SUPPLIED RECORDS Block Start

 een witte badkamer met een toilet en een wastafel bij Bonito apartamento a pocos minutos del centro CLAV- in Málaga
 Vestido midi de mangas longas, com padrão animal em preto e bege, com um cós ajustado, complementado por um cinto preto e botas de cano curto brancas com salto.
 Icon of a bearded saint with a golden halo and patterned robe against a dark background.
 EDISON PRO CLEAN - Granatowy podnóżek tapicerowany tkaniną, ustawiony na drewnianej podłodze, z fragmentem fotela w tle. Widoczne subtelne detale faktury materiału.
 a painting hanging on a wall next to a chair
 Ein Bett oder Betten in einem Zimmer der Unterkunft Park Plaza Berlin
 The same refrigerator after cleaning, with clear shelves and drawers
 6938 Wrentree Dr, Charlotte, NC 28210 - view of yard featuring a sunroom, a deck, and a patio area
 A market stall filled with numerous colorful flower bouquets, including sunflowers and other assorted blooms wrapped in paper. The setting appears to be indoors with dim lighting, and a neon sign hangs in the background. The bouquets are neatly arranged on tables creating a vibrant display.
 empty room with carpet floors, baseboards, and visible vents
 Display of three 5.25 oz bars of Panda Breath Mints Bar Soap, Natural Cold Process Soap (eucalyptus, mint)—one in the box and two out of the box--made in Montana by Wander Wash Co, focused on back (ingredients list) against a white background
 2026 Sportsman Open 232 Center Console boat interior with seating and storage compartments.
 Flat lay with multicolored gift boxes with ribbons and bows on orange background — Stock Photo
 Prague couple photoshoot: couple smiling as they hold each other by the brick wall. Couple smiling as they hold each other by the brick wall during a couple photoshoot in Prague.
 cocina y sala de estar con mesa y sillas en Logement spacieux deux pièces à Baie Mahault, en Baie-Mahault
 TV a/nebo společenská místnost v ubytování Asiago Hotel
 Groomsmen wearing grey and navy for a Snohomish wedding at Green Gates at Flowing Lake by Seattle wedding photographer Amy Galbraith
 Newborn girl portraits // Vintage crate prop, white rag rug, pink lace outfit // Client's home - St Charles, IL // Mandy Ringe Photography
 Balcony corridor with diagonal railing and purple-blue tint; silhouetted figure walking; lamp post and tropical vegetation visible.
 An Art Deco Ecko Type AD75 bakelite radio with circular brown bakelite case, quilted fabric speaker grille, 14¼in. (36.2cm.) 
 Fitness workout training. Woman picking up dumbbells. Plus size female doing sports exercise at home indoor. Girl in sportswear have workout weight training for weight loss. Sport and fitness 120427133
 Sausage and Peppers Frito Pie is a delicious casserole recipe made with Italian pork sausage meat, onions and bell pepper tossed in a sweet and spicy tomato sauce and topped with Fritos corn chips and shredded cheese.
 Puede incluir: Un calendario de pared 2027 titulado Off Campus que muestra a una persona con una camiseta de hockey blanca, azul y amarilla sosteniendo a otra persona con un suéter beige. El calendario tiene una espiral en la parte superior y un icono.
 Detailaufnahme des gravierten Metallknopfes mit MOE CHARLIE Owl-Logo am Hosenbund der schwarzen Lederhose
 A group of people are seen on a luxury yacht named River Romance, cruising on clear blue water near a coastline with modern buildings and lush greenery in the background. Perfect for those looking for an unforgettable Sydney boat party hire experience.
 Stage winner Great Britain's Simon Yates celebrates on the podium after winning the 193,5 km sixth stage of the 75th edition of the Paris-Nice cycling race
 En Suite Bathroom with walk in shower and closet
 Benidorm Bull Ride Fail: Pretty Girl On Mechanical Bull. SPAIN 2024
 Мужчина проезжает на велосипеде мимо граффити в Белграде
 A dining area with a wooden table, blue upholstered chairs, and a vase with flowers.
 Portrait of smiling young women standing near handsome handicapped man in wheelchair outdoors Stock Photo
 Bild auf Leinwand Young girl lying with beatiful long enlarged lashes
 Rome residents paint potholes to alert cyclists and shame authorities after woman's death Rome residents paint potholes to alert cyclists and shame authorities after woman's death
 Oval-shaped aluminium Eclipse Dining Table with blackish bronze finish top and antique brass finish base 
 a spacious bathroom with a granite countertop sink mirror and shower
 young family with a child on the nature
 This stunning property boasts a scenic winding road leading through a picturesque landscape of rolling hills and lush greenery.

SUPPLIED RECORDS Block End

WHAT YOU NEED TO DO:
Return the entries above unchanged, starting at the first line and stopping after the line with "Icon of a bearded".

SOLUTION FOR THIS PROBLEM:
 een witte badkamer met een toilet en een wastafel bij Bonito apartamento a pocos minutos del centro CLAV- in Málaga
 Vestido midi de mangas longas, com padrão animal em preto e bege, com um cós ajustado, complementado por um cinto preto e botas de cano curto brancas com salto.
 Icon of a bearded saint with a golden halo and patterned robe against a dark background.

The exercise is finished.